Where airplanes have floats, and everybody flies.
- By Carl Posey
- Air & Space magazine, June 2013
Adam Wright / FlightDeckImages
(Page 4 of 7)
“I came here in 1967,” Ellison says. “My dad had been flying a Maule M4. I just grew up around floatplanes.”
He met his wife in 1989, after the Exxon Valdez spilled oil in Prince William Sound; he was hauling people and supplies, and she was working in Valdez as a helicopter dispatcher. They started Ellison Air with his father’s 206, then added a second 206 with a Robertson short-takeoff-and-landing mod.
“When we first started, it was everything and anything to make a buck with those airplanes.” Back then, commercial seaplane flying was heavy hauling, but over the years, air tourism has grown, while hunting and fishing have tapered off. “Most people want to come up and take a picture.” Hauling people is easier work, Ellison says: “The cargo walks on, the cargo walks off.” There is no heavy lifting, no large carcasses to hump around, and no antlers to rip up the airplane’s interior.
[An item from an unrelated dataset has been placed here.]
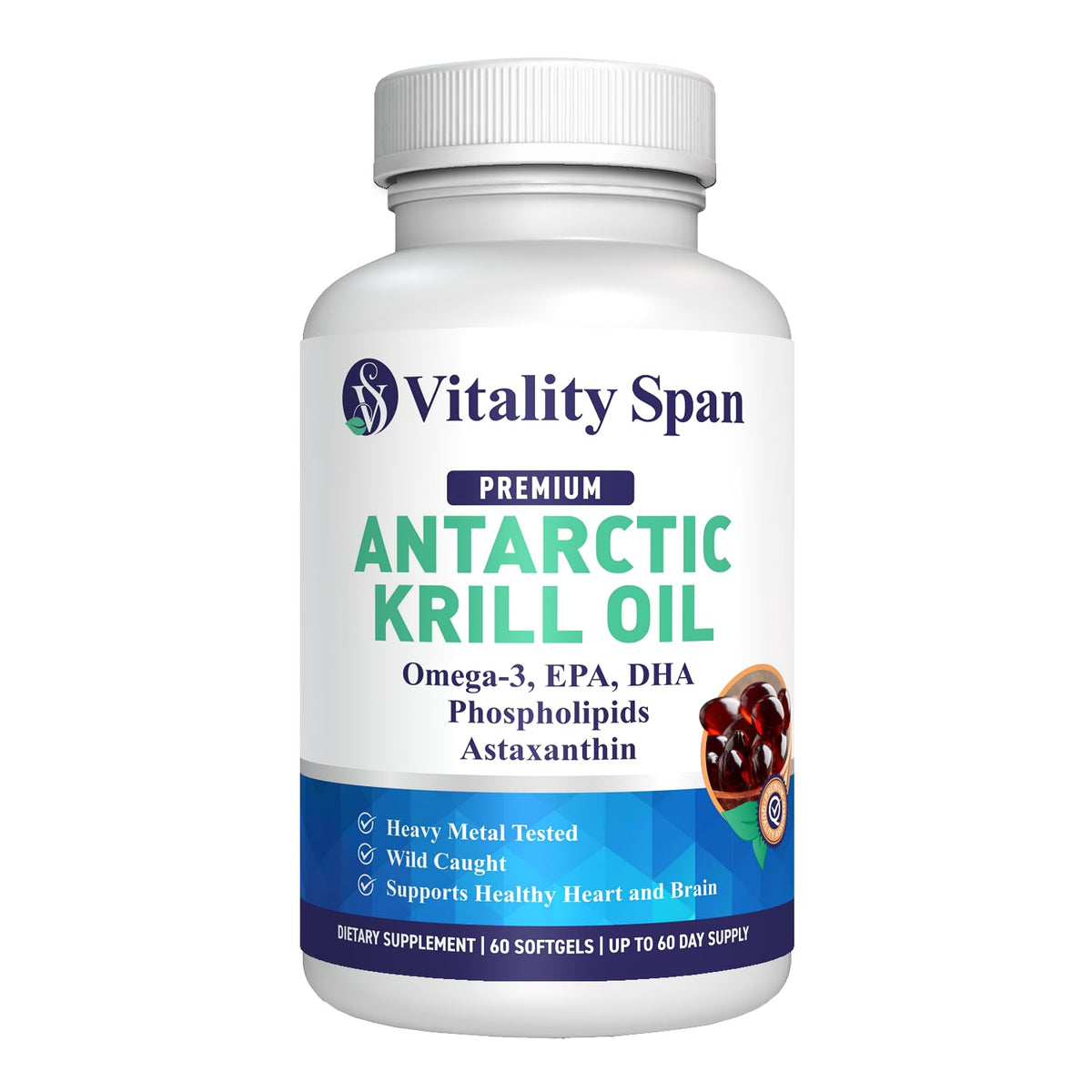 Krill Oil 500mg Omega-3 EPA & DHA 60 Softgels X14916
If Lake Hood Seaplane Base were a frontier settlement, Rust’s Flying Service would be its Ponderosa Ranch. After retiring from the Air Force as a command pilot, Hank Rust merged his lifelong interests in wilderness sports and aviation. Starting with a Super Cub, he gained experience flying the Alaskan bush, then bought a Cessna 185 and, in 1963, established Rust’s Flying Service at its present location on Lake Hood.
“At that time,” explains his son Todd, “there were already several operators on the north side of Spenard Lake supported almost entirely by hunters and fishermen. The season started in March with polar bear hunters, then the fishermen showed up in May through August, and moose, bear, caribou, and sheep hunters rounded out September and October.
“We added aircraft during the 1970s,” Rust adds, “typically one Cessna every two years. The late ’70s brought bigger aircraft such as the de Havilland Beaver, partly because of more passengers and partly because sportsmen no longer considered a sheet of Visqueen and sleeping bag to be an adequate camp. We probably added a Beaver to the fleet every three years, and then we scored a major tour company account in 1988 that brought in 44 people three times a week. It was a fleet effort, with seven aircraft launching in sequence from Lake Hood.”
That contract continues to this day, as do the hunting and fishing excursions. But, increasingly, Rust’s clients come for flightseeing and bear viewing—and to have the experience of flying in an honest-to-God bushplane, enveloped in the reviving din of a big radial.